Yes, indeed, that was my programme note and thus my production set a new theatrical record as being the first one in which the audience was asleep at the begining of the play as well as the end!
Any chance David, your archives go back to 1997/98?
I'd enjoy reading whether you "predicted" Blair was gonna be a Hamlet or whether a Coriolanus.
(As for why I'm not commenting on "Andra's Tits" post - I began feeling very faint just reading it - I'm not used to aerobics.
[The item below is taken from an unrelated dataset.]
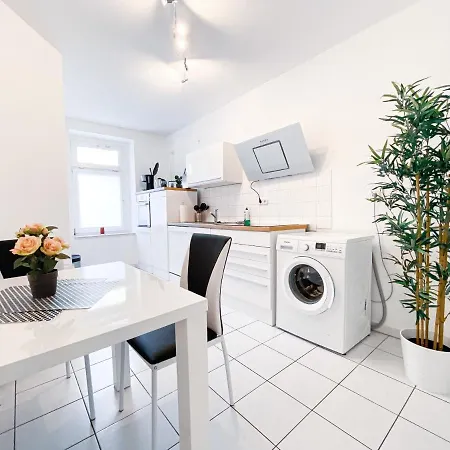 R&l Uhlandstrasse Apartment Leipzig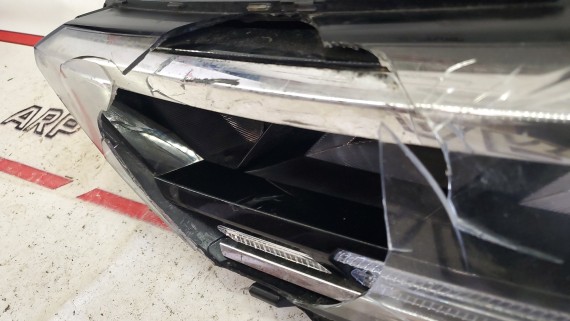 Фара левая Volkswagen Polo 6 2020-н.в.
Besides, I'm divorced now going on fifteen years - looking at pert, delectable, fresh, peachy, firm, delicious-appearing, squeezily-looking, yummy, ...
Anyway, without a wife to yell at me - I get lost in tits.)
Posted by: JK | Wednesday, 22 January 2014 at 23:27
Ah, JK, go to bed.....perchance to dream.
Posted by: Andra | Thursday, 23 January 2014 at 05:54
And it is nice to think that one person was so enamoured with the play that his email address still reads "Tristan Zara" in honour of the show.
I'm afraid that Jemima passed away some time ago, but we still remember her.
I will send a more comprehensive reply later to your email.